How is “amateur radio” or “ham radio” different than other radios?

Radios are used everyday by all sorts of industries, groups and organizations.

  • Industrial radios in logging, mining, warehousing, trucking, etc
  • Marine radios at sea.
  • Military radios, law enforcement radios, fire fighter radios, ambulances/paramedic radios, security service radios.
  • Commercial broadcast radio (like radio stations you listen to in your car).

Distinct from all these uses, some radio frequencies are set aside for “amateur radio”. This means non-commercial use for fun or for community welfare, chatting with friends, etc. You are explicitly not allowed to use amateur radio for any kind business, advertising, broadcast entertainment, etc.

A Formal Definition of Amateur Radio

Amateur Radio is an avocation, which is intended […] to promote technical self training, international goodwill, and non-commercial communication service (particularly with respect to emergency communications).

Why do I need a license, can’t I just grab a cheap radio from Costco?

So if its just for fun, why not use those cheap FRS radios you see at every big box store around town? Well a radio that does not require a license has a number of limitations imposed on it in order to keep it safe to use and unlikely to cause serious interference for others. That means its pretty low power output, has a fixed non-removable antenna, a fixed set of “channels” or frequencies, etc. By getting an amateur radio license, you get privileges to use much higher powered equipment, changeable antennas and a wide array of radio frequencies that have different strengths and weaknesses (some are good for longer distances, some better for shorter distances, etc). This does require a little bit of skill as the radios tend to be a little more complex with more features and capabilities, but that’s where the benefits are found in increased capabilities.

Ok so practically speaking, is there really any use for ham radio?

You betcha. Granted some of the allure of amateur radio has been lost in the generation where 12 year-olds have smart phones and can send text messages across the continent in mere seconds. However, cell service is dependent on service providers, costs money all the time, and service may be unavailable in certain geographic areas, during special events (all circuits busy) or after a natural disaster (earthquakes, forest fires, floods, tornado, etc). Likewise the internet has similar dependencies on service providers, monthly costs and is subject to loss of service in an emergency or other types of service disruptions and downtime.

Ham radio on the other hand has no central service provider dependency. It is explicitly non-commercial and no one can charge you money to talk on a radio, send a message, etc. (Although most governments have a modest licensing fee, it is generally to cover costs only and not nearly as high as what our commercial counter parts will be paying for commercial use of radios).

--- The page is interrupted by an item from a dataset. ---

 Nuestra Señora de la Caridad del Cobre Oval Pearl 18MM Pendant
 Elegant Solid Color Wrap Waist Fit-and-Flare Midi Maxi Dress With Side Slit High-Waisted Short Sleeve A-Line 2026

Common uses for ham radio:

  • Offroad enthusiasts with jeeps, 4runners, tacomas, fj cruisers, land cruisers, hummers, etc. Can be used to communicate between vehicles when “in the backcountry” off-road. Outdoor sports like skiing, snowboarding, hiking, kayaking, canoeing. Can be used to co-ordinate between different groups or to help find each other when split up. (Those cheap FRS radios get pretty jammed up on popular ski hills and have limited power, a nice little amateur “handie-talkie” will be rather impressive to most skiers/snowboarders).
  • Community event co-ordination: most marathons, half-marathons, 10ks, bike races, etc. will make use of local amateur radio operators as volunteers to help communicate between various points along the route. For example the Vancouver Sun Run is facilitated by amateur radio volunteers.
  • Emergency preparedness: amateur radio is frequently used to facilitate during natural disasters and pass messages between various areas of relief efforts. Where I live there is considerable chance of a major earthquake in my lifetime. (The once in a few hundred years size earthquake).
  • For “sport”, yah it may be geeky, but lots of people just enjoy the thrill of trying to talk to someone across the planet with nothing more than an armful of wires and a radio. Many amateurs collect up “QSL cards” which are something like passport stamps showing the trail of your travels. Trying to achieve something like talking to someone in every country in the world, or making challenging contacts like someone in the Arctic, satellite communication or contacting the international space station can be a fun and rewarding hobby.